Contudo, o sentimento de segurança transmitido pela viatura policial, não passou de uma mera ilusão de óptica, porquanto, minutos depois, atrás de si, emergiu uma carrinha, que em marcha lenta e até certo ponto insuspeita, trazia consigo, afinal, um mensagem de morte.

De repente uma paragem bem a frente do local onde os jovens conversavam. Não uma paragem brusca, mas bastante ameaçadora.
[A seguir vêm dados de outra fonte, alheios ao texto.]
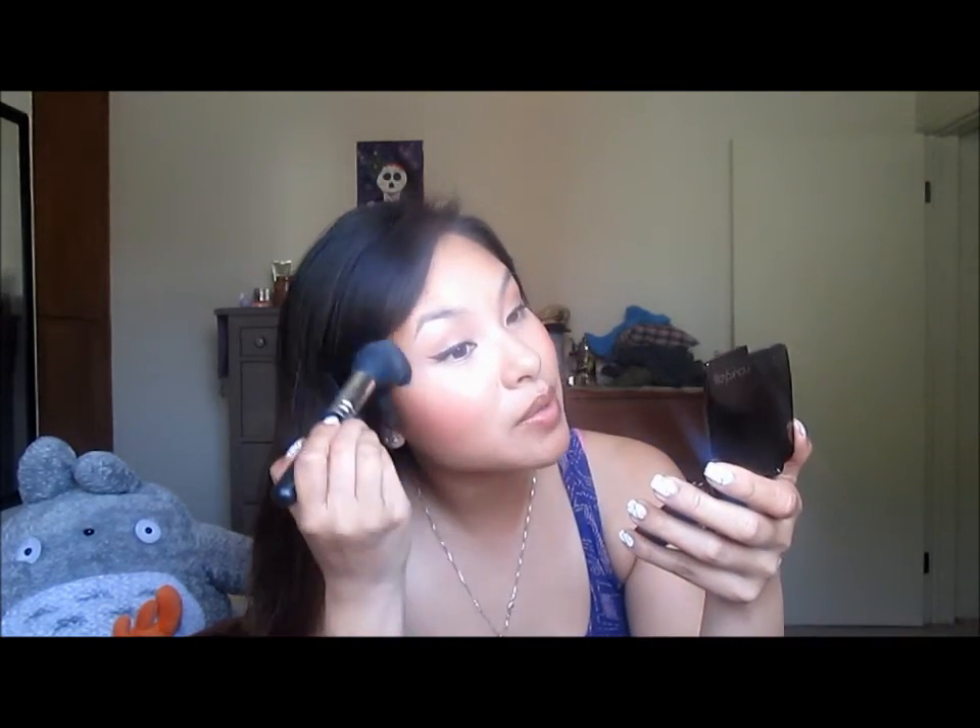Then I'm going to highlight. I'm going to go back with my Hourglass Ambient Lighting Diffuse Light again. And then I'm just going to take my Sigma Tapered Face Brush, the F25, get a little bit on there, tap, and I'm going to put it on the high points of my cheekbones and up my temples a little bit just to bring some light and glow. I really like this stuff — it's very subtle. Then whatever's left in the brush, I just like to bring it down my nose, my chin, right above my eyebrows.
Os jovens observam um silêncio, pois três indivíduos, à paisana, armados de AKM, desceram do interior da viatura, interrompendo a conversa com ares ameaçadores.

As pessoas que presenciaram a chacina à distância disseram que, a partir daquele instante, ouviram "ninguém se mexe" e, mais do que isso, que todos, os oitos jovens se "deitassem no chão", com a barriga para baixo e as mãos sobre a região da nuca.

Sem compreenderem o que se passava na realidade, sem alternativas, os oito jovens obedeceram à voz de comando, na esperança que estavam diante de exercício de rotina, própria do patrulhamento, que aliás, se exigia no Mota.

Infelizmente, estavam errados. É que, os homens à paisana, que agora comandavam ou melhor tinham as suas vidas sobre as mãos eram assassinos, não estavam para brincadeiras e pareciam sedentos de sangue.

Mal se fizeram ao frio daquele início de noite, os jovens foram surpreendidos com vários disparos, que eram feitos a queima-roupa contra os mesmos, sem parar, manchando de vermelho paredes e chão daquele local, num cenário de verdadeiro terror, de que os familiares jamais esquecerão.

"Eles, os jovens, gritavam por socorro, que os homens que disparavam que parassem de disparar, mas pareciam não se importar com a gritaria e não paravam de atirar", contou na altura um dos vizinho.

Quando os homens acabaram de disparar, regressaram para a viatura, sem pressa, e desapareceram da zona, abandonado os corpos dos oito jovens no chão, seis dos quais tiveram morte no local, e dois que, estando ainda em vida, não suportaram os ferimentos e a perda de sangue. Acabaram por sucumbir numa das unidades hospitalar de Luanda, mas uma das vítimas antes mesmo de falecer terá revelado à cidadã Felismina Jorge o nome de Tchutchu e o Micha efectivos do Comando Provincial de Luanda.